Born: Eartha Mae Keith on January 17, 1927 in the small town of North, in Orangeburg County, South Carolina
Parents: Cherokee Indian/African Descent (mother) Unknown white man (father)
Spouse(s): John William McDonald (married June 6, 1960, divorced 1965)
Children: Kitt McDonald-Shapiro
Grandchildren: John Shapiro and Rachael Shapiro
Education: High School of Performing Arts, New York City, New York
Occupation: Actress, singer, cabaret star, dancer, stand-up comedienne, civil rights activist, voice artist and writer
Accomplishments, Achievements, and Contributions:
From Bio.com: Kitt became a rising star with her appearance in the Broadway review New Faces of 1952. In the production, she sang “Monotonous.” Her performance helped launch her music career with the release of her first album in 1954. The recording featured such signature songs as “I Want To Be Evil” and “C’est Si Bon,” as well as the perennially holiday classic “Santa Baby.”
On the big screen, Kitt starred opposite Nat “King” Cole in the W. C. Handy biopic St. Louis Blues (1958). She netted her one and only Academy Award nomination the following year, for her role as the title character in Anna Lucasta. In the film, Kitt plays a sassy young woman who is forced to use her womanly wiles to survive. She stars opposite Sammy Davis Jr.
In the late 1960s, Kitt played one of her most famous parts—the villainous vixen “Catwoman.” She took over the role, on the TV series Batman, from Julie Newmar. Remarkably, Kitt only played Catwoman on a handful of episodes of the short-lived campy crime show, starring Adam West and Burt Ward, but she made the role her own with her lithe, cat-like frame and her distinctive voice. The series found a second life in reruns, and it remains on the air today.
Known for being blunt and short-tempered at times, Kitt found herself in a media firestorm in 1968. She attended a luncheon on the subject on juvenile delinquency and crime hosted by Lady Bird Johnson at the White House. At the event, Kitt shared her thoughts on the matter, telling the First Lady that “You send the best of this country off to be shot and maimed,” according to the Washington Post. “No wonder the kids rebel and take pot.” Her remarks against the Vietnam War offended Johnson, and made headlines. Her popularity took a significant hit after that, and she spent several years mostly performing abroad.

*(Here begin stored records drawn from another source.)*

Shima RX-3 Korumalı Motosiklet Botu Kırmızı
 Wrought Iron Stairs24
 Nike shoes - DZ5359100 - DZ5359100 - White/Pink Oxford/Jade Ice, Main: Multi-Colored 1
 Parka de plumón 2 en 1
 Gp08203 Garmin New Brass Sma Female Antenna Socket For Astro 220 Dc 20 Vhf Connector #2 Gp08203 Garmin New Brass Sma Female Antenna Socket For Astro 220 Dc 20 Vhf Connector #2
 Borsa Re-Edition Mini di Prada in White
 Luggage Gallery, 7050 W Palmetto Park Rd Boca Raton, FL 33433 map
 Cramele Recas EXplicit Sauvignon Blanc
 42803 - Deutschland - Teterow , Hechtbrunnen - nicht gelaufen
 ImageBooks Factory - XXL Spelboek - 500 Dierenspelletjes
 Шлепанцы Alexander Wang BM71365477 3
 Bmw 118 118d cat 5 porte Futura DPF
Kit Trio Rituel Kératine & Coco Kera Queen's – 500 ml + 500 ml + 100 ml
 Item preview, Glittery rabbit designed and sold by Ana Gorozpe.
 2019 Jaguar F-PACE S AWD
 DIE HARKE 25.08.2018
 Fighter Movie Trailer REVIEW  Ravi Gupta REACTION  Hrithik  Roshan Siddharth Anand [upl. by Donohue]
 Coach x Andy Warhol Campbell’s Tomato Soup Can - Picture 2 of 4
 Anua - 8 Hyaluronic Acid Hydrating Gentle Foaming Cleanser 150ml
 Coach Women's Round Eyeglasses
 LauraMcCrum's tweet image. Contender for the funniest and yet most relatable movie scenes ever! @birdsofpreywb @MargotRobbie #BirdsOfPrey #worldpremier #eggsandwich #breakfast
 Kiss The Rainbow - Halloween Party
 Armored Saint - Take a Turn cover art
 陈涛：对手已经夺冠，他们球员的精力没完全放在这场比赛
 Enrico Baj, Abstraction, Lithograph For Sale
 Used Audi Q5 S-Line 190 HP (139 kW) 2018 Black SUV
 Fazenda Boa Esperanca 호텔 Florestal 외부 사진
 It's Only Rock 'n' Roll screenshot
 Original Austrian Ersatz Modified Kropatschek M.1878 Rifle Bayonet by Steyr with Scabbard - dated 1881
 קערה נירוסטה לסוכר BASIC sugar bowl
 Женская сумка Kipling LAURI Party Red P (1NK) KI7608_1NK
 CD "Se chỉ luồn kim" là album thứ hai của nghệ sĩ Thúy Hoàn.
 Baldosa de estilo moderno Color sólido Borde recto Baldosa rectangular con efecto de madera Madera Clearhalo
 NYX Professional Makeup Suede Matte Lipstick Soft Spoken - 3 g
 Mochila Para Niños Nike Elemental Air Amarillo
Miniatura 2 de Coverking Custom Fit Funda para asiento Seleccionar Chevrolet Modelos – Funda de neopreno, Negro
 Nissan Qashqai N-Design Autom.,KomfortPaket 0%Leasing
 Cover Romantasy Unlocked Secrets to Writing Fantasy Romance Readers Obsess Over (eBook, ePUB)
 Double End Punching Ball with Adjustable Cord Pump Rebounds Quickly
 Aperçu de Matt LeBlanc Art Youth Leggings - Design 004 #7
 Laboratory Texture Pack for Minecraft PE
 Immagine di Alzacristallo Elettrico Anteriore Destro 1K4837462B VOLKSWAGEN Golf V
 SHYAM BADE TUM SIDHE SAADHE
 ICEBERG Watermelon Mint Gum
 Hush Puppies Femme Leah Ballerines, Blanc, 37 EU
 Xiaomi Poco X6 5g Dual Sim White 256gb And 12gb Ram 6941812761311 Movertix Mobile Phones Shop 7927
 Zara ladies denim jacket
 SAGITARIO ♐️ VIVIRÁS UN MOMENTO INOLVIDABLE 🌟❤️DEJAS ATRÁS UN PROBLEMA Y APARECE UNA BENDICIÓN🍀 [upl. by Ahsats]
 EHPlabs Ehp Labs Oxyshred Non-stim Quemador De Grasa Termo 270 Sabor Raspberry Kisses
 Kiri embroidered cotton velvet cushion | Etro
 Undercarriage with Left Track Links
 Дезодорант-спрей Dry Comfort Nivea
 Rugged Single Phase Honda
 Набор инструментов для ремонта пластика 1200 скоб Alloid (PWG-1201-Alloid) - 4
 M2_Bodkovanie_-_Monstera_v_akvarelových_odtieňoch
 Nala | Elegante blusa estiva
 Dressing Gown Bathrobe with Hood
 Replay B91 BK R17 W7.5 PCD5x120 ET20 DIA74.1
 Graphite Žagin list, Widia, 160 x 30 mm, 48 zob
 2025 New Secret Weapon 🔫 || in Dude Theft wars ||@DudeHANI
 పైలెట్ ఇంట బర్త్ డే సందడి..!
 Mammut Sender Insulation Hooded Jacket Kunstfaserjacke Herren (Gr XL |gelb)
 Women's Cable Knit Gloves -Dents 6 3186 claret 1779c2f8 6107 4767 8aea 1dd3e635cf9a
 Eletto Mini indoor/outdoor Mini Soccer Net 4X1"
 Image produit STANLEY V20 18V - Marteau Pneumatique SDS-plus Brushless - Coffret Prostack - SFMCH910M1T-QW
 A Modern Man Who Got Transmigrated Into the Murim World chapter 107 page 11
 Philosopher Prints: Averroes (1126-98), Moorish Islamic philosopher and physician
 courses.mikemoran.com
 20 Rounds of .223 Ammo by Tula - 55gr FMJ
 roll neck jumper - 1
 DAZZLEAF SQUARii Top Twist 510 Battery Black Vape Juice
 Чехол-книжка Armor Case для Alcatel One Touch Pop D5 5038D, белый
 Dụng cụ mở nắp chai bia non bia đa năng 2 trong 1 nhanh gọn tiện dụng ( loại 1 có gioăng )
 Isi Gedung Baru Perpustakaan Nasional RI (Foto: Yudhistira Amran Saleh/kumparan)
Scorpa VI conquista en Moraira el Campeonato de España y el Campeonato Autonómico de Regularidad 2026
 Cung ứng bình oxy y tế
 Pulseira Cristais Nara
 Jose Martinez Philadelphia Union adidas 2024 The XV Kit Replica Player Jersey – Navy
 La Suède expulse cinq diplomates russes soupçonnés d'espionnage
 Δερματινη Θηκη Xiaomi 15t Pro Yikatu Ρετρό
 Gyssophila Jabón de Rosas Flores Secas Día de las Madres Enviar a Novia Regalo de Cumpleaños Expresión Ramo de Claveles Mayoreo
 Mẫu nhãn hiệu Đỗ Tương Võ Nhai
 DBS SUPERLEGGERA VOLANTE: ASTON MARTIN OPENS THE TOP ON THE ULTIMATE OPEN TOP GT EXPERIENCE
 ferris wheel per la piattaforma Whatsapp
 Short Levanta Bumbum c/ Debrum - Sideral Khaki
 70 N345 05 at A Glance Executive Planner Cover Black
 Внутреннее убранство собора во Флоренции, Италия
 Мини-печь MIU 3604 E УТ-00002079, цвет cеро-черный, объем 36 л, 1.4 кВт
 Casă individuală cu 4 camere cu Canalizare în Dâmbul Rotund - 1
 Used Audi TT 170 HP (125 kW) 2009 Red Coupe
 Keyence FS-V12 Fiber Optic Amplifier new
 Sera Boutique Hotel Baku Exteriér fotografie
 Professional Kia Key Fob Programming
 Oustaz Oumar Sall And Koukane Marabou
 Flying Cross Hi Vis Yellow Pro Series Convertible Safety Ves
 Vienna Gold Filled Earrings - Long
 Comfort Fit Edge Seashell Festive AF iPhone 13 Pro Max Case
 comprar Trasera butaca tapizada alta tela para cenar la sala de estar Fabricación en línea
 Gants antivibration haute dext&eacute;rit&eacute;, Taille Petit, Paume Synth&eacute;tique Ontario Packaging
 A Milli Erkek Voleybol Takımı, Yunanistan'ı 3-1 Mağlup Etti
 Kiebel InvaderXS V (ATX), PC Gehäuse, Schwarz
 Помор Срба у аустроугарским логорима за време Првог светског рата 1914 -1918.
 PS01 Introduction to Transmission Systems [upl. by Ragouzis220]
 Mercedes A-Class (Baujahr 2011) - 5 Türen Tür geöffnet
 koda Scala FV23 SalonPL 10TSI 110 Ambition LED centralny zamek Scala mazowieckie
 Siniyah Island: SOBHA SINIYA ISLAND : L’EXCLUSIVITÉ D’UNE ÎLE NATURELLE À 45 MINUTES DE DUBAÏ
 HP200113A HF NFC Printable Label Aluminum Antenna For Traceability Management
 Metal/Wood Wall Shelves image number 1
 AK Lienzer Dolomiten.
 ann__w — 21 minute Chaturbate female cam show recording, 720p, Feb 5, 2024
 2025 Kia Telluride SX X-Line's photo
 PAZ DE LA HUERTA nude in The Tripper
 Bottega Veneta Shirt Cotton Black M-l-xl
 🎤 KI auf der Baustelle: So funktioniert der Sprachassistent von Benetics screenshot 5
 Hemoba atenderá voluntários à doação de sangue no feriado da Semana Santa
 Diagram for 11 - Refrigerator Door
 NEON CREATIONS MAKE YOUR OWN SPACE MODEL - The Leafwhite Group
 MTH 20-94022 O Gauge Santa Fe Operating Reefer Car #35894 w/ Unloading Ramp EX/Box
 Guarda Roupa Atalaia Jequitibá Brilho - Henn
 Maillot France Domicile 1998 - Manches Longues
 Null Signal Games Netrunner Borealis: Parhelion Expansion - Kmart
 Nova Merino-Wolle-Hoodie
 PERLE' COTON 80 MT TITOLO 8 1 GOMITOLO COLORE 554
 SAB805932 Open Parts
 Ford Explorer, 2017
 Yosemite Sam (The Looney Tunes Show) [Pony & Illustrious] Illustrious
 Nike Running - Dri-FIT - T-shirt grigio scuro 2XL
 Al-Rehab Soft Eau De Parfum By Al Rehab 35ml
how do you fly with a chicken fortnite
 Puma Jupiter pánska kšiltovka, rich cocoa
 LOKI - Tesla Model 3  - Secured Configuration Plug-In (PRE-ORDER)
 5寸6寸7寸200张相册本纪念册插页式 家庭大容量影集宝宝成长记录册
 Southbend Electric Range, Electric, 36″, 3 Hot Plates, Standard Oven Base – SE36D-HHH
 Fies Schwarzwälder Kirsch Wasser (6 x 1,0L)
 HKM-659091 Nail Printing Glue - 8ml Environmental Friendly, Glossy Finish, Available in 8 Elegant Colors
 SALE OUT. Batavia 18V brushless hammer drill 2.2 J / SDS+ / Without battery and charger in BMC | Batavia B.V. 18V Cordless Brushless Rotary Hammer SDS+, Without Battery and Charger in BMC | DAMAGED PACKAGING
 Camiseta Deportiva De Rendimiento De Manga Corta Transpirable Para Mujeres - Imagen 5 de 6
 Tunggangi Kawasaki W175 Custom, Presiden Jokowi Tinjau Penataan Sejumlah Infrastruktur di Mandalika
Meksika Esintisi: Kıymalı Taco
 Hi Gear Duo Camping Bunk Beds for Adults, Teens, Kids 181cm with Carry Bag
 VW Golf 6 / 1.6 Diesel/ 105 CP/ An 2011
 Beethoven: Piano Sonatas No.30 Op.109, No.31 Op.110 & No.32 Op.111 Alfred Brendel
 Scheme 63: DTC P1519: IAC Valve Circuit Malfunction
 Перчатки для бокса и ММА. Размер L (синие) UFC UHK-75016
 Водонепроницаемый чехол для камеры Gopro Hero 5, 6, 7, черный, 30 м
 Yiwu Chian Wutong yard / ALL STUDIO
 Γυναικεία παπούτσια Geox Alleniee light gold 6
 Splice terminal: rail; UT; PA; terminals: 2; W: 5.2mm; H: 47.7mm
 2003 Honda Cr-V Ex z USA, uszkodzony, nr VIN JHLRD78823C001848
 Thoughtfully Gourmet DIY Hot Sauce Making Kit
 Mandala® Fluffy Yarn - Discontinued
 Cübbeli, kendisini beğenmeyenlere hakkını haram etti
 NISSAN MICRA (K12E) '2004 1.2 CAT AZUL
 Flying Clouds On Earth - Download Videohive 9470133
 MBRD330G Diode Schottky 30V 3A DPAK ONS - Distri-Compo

In 1978, Kitt enjoyed a career renaissance with her performance on Broadway in Timbuktu!. She earned a Tony Award nomination for her role in the play, and received an invitation to the White House by President Jimmy Carter. In 1984, Kitt returned to the music charts with “Where Is My Man.” She continued to win acclaim for her music, including scoring a Grammy Award nomination for 1994’s Back in Business.
From Wikipedia: Kitt was active in numerous social causes in the 1950s and 1960s. In 1966, she established the Kittsville Youth Foundation, a chartered and non-profit organization for underprivileged youth in the Watts area of Los Angeles. She was also involved with a group of youth in the area of Anacostia in Washington, D.C., who called themselves, “Rebels with a Cause.” Kitt supported the group’s efforts to clean up streets and establish recreation areas in an effort to keep them out of trouble by testifying with them before the House General Subcommittee on Education of the Committee on Education and Labor. In her testimony, in May 1967, Kitt stated that the Rebels’ “achievements and accomplishments should certainly make the adult ‘do-gooders’ realize that these young men and women have performed in 1 short year – with limited finances – that which was not achieved by the same people who might object to turning over some of the duties of planning, rehabilitation, and prevention of juvenile delinquents and juvenile delinquency to those who understand it and are living it”. She added that “the Rebels could act as a model for all urban areas throughout the United States with similar problems”.“Rebels with a Cause” subsequently received the needed funding.
Kitt was also a member of the Women’s International League for Peace and Freedom, thus her criticism of the Vietnam War and its connection to poverty and racial unrest in 1968 can be seen as part of a larger commitment to peace activism.
Like many politically active public figures of her time, Kitt was under surveillance by the CIA, beginning in 1956. After the New York Times discovered the CIA file on Kitt in 1975, she granted the paper permission to print portions of the report, stating: “I have nothing to be afraid of and I have nothing to hide.”
Quotes about or By Eartha:
“She’s The Most Exciting Woman In The World” -Orsen Welles on Eartha Kitt
Two Emmys for her voice role as Yzma, in the animated series, The Emperor’s New Clothes (2006-08). In 2010, she won a third Emmy posthumously for The Wonder Pets, another children’s animated series that airs on Nick Jr.
Death: December 25, 2008 in Weston, Connecticut of colon cancer
I Salute this AMAZING HER-story making sista!